We’re seated near a garden window. The service is pleasant and speedy. We order.
The first food to arrive is an amazing pea soup with slow-cooked barley, a Parmesan tuile and cream.
The flavor of the peas is intense and mild at the same time. “It’s a simple thing,” restaurant chef Gabriel Kreuther says in an accent that reveals his Alsatian roots - a heritage he shares with a former employer, restaurateur extraordinaire Jean-Georges Vongerichten. “We use French peas that we take out of their pods. We use the pods in the vegetable broth, and we pass the peas through a juicer. We mix the puree with the broth and add a little butter, cream and pepper and salt … The barley gives it a little texture.”
It definitely beats a stale sandwich and a bag of chips - the staple offering at museums the world over.
“It’s a trend…. It has become a big part of the art museum experience to have a good restaurant,” says Ford Bell, president and chief executive of the American Association of Museums in Washington. “It just rounds out the cultural experience.”
Museum restaurant consultant Arthur M. Manask agrees. “In the past, going to a museum was like going to the ballpark,” Mr. Manask says. “You expect to pay at least $5 for a lousy hot dog. … Traditionally, museums were not where you dined.”

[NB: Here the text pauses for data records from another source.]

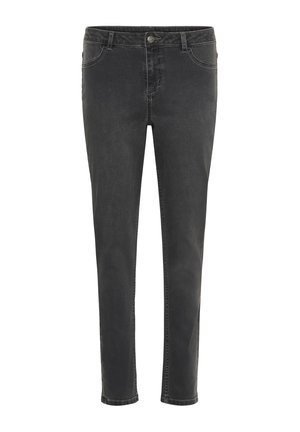 Slim-fit black denim jeans with a faded finish, five pockets, and a metal button closure. Straight leg design and clean hem.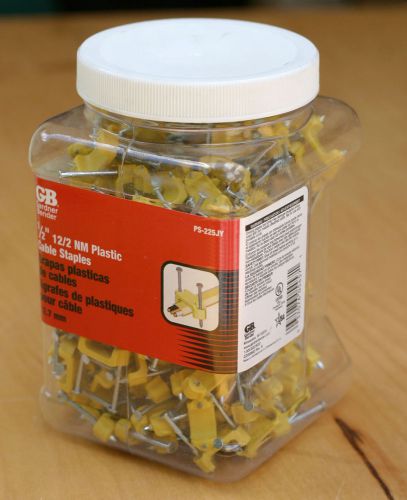 180/Jar - 1/2&#034; Plastic Electrical NM Romex Cable Staples - First Class Mail Size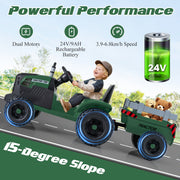 24V Ride On Tractor Kids Electric Vehicle w/ Music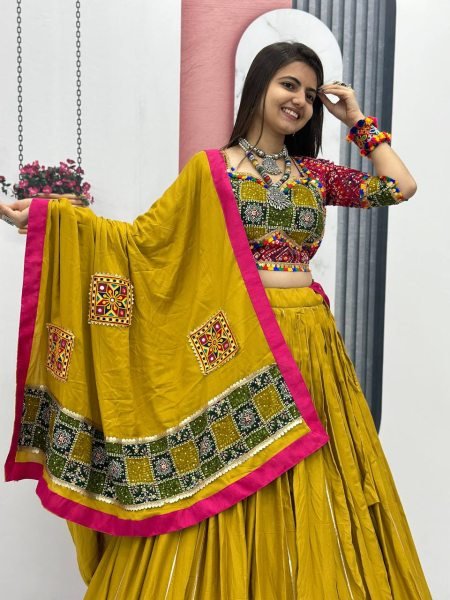 garba look cotton lehenga choli in mustard yellow with foil print and gamthi lace dupatta Navratri Lehnega Choli
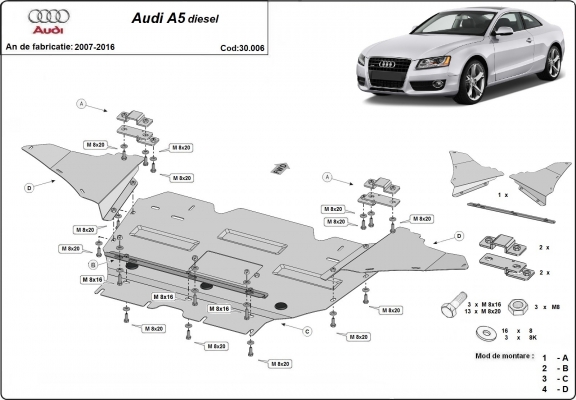 Protetor de Carter de aço Audi A5, diesel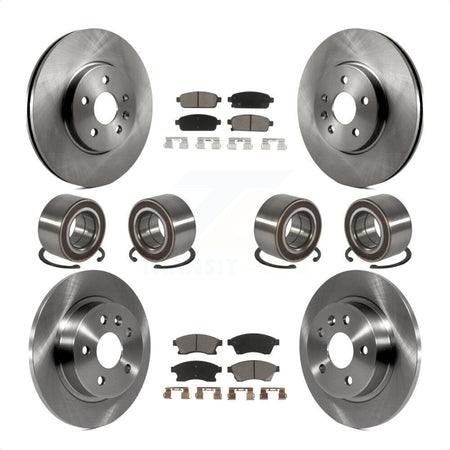 Front Rear Wheel Bearings Disc Brake Rotors And Ceramic Pads Kit (10Pc) For 2013-2017 Buick Encore Chevrolet Trax AWD KBB-117375 by Transit Auto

Mr. Manask says the change began slowly, about 10 years ago. Big-name chefs started becoming part of the museum dining scene. At the Denver Art Museum in 1997, Kevin Taylor opened Palettes, a fine-dining restaurant with entrees such as Colorado lamb rib chops with French green lentils, garlic spinach and a jus of red wine, onion and fresh mint.

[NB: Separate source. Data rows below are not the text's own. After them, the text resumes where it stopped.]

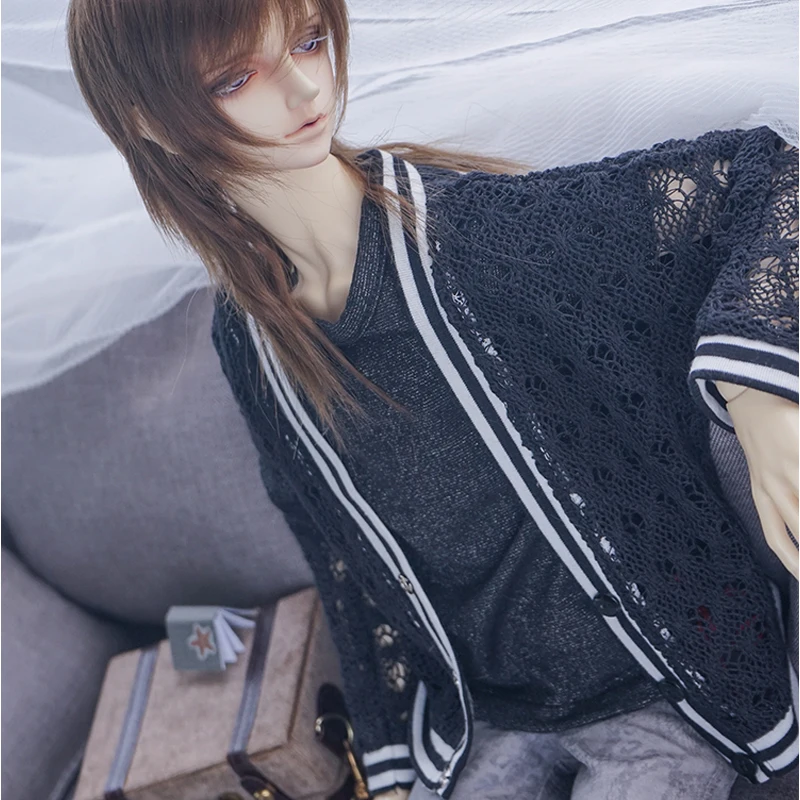 

D03-P440 children toy BJD DD SD MSD 1/6 1/4 1/3 doll's clothes Hollow cardigan black 1pcs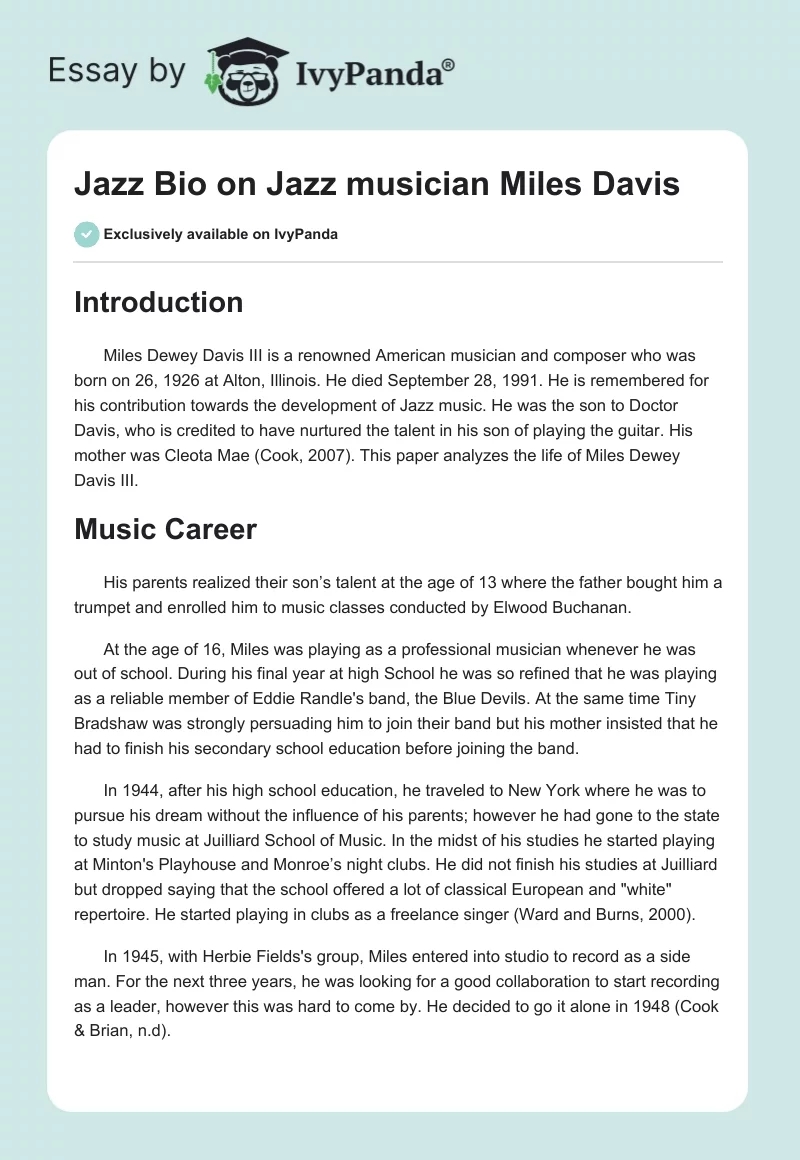 Jazz Bio on Jazz musician Miles Davis. Page 1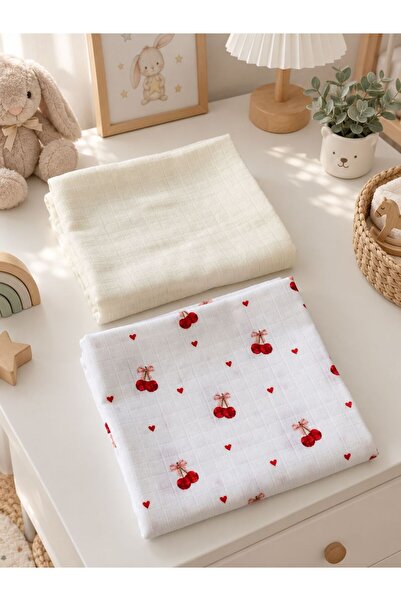 Fulya Tuhafiye 100% Cotton 2-Piece Muslin Baby Blanket Set Oeko-Tex Certified...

In 2004, Mr. Kreuther was recruited to head up the Modern after having worked as the executive chef at Ritz-Carlton New York and as chef de cuisine at Restaurant Jean Georges, also in Manhattan.
“It was a challenge. … People at the beginning were very surprised to have good food at a museum restaurant,” Mr. Kreuther says.
In the past four years, attitudes and expectations have changed, and the Modern is packed most nights. Museum restaurant operators from as far away as London visit to see and learn how it’s all done.
“They’re prospecting here because it’s proven that it works,” Mr. Kreuther says.
Along with popular support and interest from museum restaurant operators worldwide, the restaurant has received numerous awards and glowing reviews. It was the James Beard Foundation’s Best New Restaurant in the United States in 2006, and the New York Times has given it three stars. A 2007 Zagat survey calls it “Divine.”
That aptly could describe the Modern’s amazing suckling pig with parsnip puree, roasted pineapple and jus scented with cardamom; it is an adventurous flavor-and-texture combination that worked perfectly. The pineapple was sweet and sour, the puree mild and smooth, and the pig supertender.